MindSpore supports two running modes: PyNative and Graph.

  • PYNATIVE_MODE: dynamic graph mode. In this mode, operators in the neural network are delivered and executed one by one, facilitating the compilation and debugging of the neural network model.

  • GRAPH_MODE: static graph mode or graph mode. In this mode, the neural network model is compiled into an entire graph, and then the graph is delivered for execution. This mode uses graph optimization to improve the running performance and facilitates large-scale deployment and cross-platform running.

Mode Selection

You can set and control the running mode of the program. By default, MindSpore is in PyNative mode.

A code example is as follows:

from mindspore import context
context.set_context(mode=context.GRAPH_MODE)

Mode Switching

You can switch between the two modes.

When MindSpore is in PyNative mode, you can switch it to the graph mode using context.set_context(mode=context.GRAPH_MODE). Similarly, when MindSpore is in graph mode, you can switch it to PyNative mode using context.set_context(mode=context.PYNATIVE_MODE).

A code example is as follows:

import numpy as np
import mindspore.nn as nn
from mindspore import context, Tensor

context.set_context(mode=context.GRAPH_MODE, device_target="GPU")

conv = nn.Conv2d(3, 4, 3, bias_init='zeros')
input_data = Tensor(np.ones([1, 3, 5, 5]).astype(np.float32))
conv(input_data)
context.set_context(mode=context.PYNATIVE_MODE)
conv(input_data)

In the preceding example, the running mode is set to GRAPH_MODE and then switched to PYNATIVE_MODE.

Hardware Management

Hardware management involves the device_target and device_id parameters.

  • device_target: sets the target device. Ascend, GPU, and CPU are supported. Set this parameter based on the actual requirements.

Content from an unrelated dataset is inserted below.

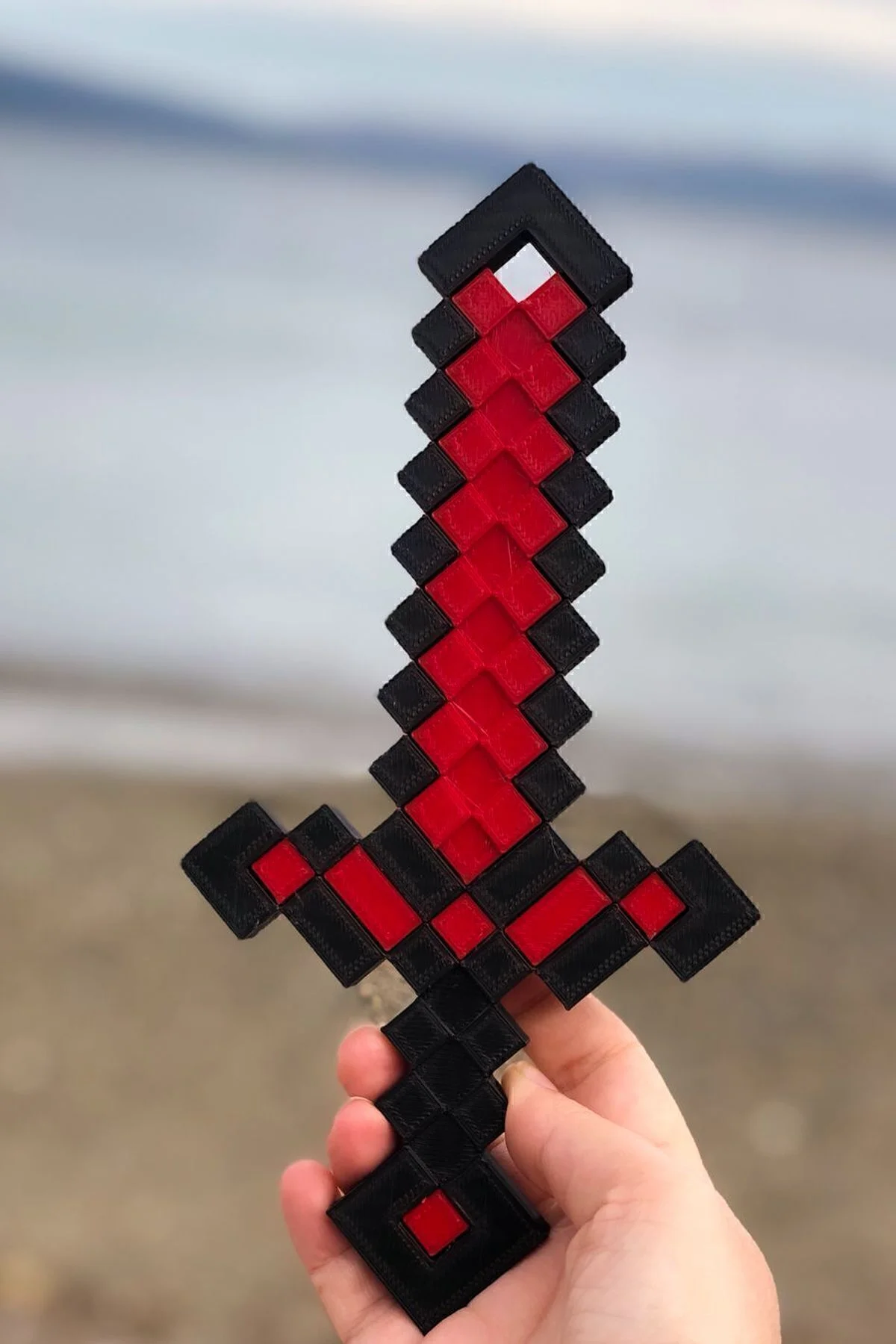 Bursa3dfilament Minecraft Kızıl Taş Kılıç 25 Cm/Redstone Sword 25 Cm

  • device_id: specifies the physical sequence number of a device, that is, the actual sequence number of the device on the corresponding host. If the target device is Ascend and the specification is NAscend (N > 1, for example, 8Ascend), in non-distributed mode, you can set device_id to determine the device ID for program execution to avoid device usage conflicts. The value ranges from 0 to the total number of devices minus 1. The total number of devices cannot exceed 4096. The default value is 0.

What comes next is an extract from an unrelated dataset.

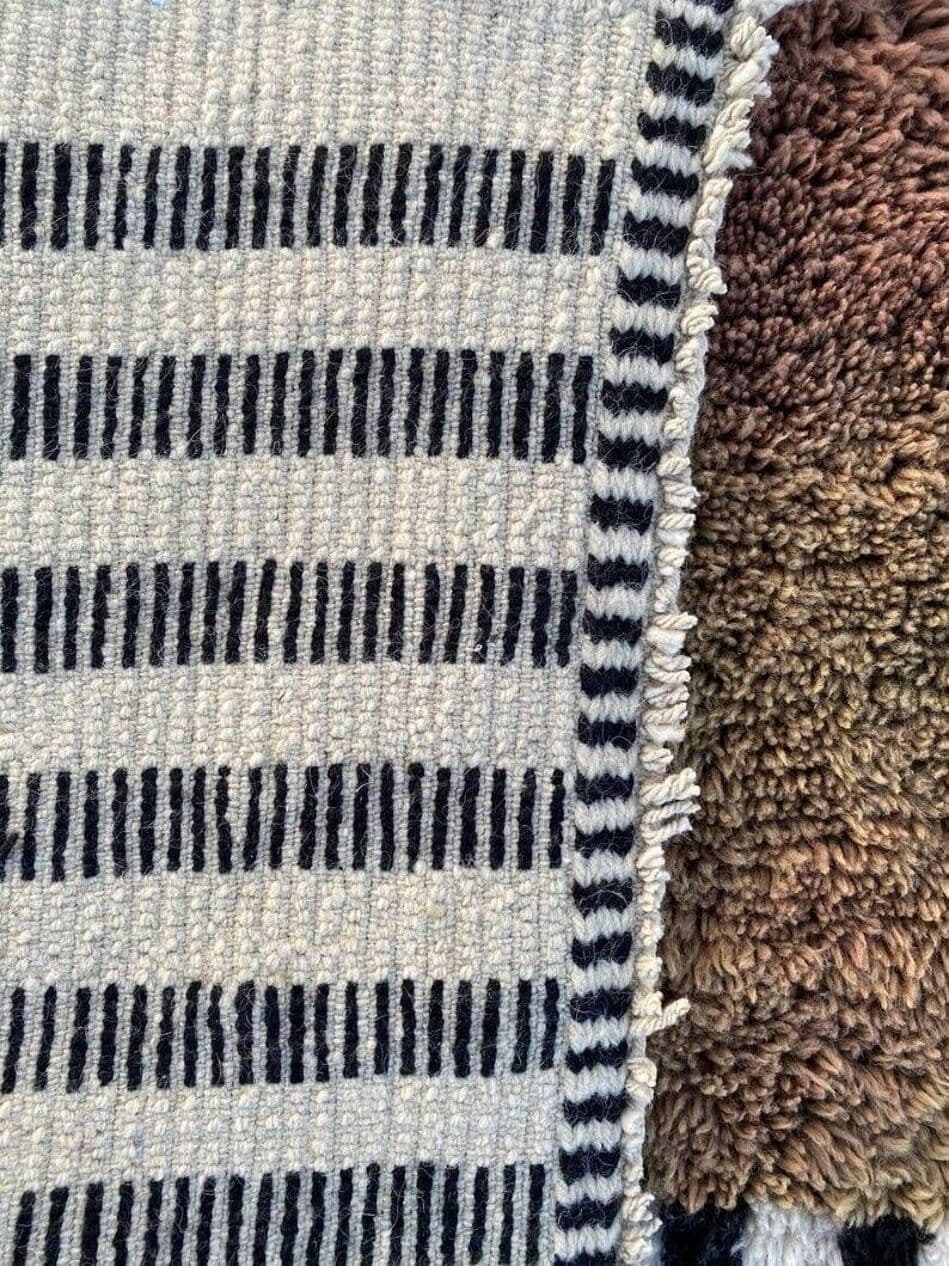 Ręcznie tkany dywan 150x250 cm, wełna, multikolor, Maroko - 206545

On the GPU and CPU, the device_id parameter setting is invalid.

A code example is as follows:

from mindspore import context
context.set_context(device_target="Ascend", device_id=6)

Distributed Management

The context contains the context.set_auto_parallel_context API that is used to configure parallel training parameters. This API must be called before the network is initialized.

For details about distributed management, see Parallel Distributed Training.

Maintenance and Test Management

To facilitate maintenance and fault locating, the context provides a large number of maintenance and test parameter configurations, such as profiling data collection, asynchronous data dump function, and print operator disk flushing.

Profiling Data Collection

The system can collect profiling data during training and use the profiling tool for performance analysis. Currently, the following profiling data can be collected:

  • enable_profiling: indicates whether to enable the profiling function. If this parameter is set to True, the profiling function is enabled, and profiling options are read from enable_options. If this parameter is set to False, the profiling function is disabled and only training_trace is collected.

  • profiling_options: profiling collection options. The values are as follows. Multiple data items can be collected. result_path: saving the path of the profiling collection result file. The directory spectified by this parameter needs to be created in advance on the training environment (container or host side) and ensure that the running user configured during installation has read and write permissions. It supports the configuration of absolute or relative paths(relative to the current path when executing the command line). The absolute path configuration starts with ‘/’, for example:/home/data/output. The relative path configuration directly starts with the directory name, for example:output; training_trace: collect iterative trajectory data, that is, the training task and software information of the AI software stack, to achieve performance analysis of the training task, focusing on data enhancement, forward and backward calculation, gradient aggregation update and other related data. The value is on/off; task_trace: collect task trajectory data, that is, the hardware information of the HWTS/AICore of the Ascend 910 processor, and analyze the information of beginning and ending of the task. The value is on/off; aicpu_trace: collect profiling data enhanced by aicpu data. The value is on/off; fp_point: specify the start position of the forward operator of the training network iteration trajectory, which is used to record the start timestamp of the forward calculation. The configuration value is the name of the first operator specified in the forward direction. when the value is empty, the system will automatically obtain the forward operator name; bp_point: specify the end position of the iteration trajectory reversal operator of the training network, record the end timestamp of the backward calculation. The configuration value is the name of the operator after the specified reverse. when the value is empty, the system will automatically obtain the backward operator name; ai_core_metrics: the values are as follows:

    • ArithmeticUtilization: percentage statistics of various calculation indicators;

    • PipeUtilization: the time-consuming ratio of calculation unit and handling unit, this item is the default value;

    • Memory: percentage of external memory read and write instructions;

    • MemoryL0: percentage of internal memory read and write instructions;

    • ResourceConflictRatio: proportion of pipline queue instructions.

A code example is as follows:

from mindspore import context
context.set_context(enable_profiling=True, profiling_options='{"result_path":"/home/data/output","training_trace":"on"}')

Saving MindIR

Saving the intermediate code of each compilation stage through context.set_context(save_graphs=True).

The saved intermediate code has two formats: one is a text format with a suffix of .ir, and the other is a graphical format with a suffix of .dot.

When the network is large, it is recommended to use a more efficient text format for viewing. When the network is not large, it is recommended to use a more intuitive graphical format for viewing.

A code example is as follows:

from mindspore import context
context.set_context(save_graphs=True)

For details about the debugging method, see Asynchronous Dump.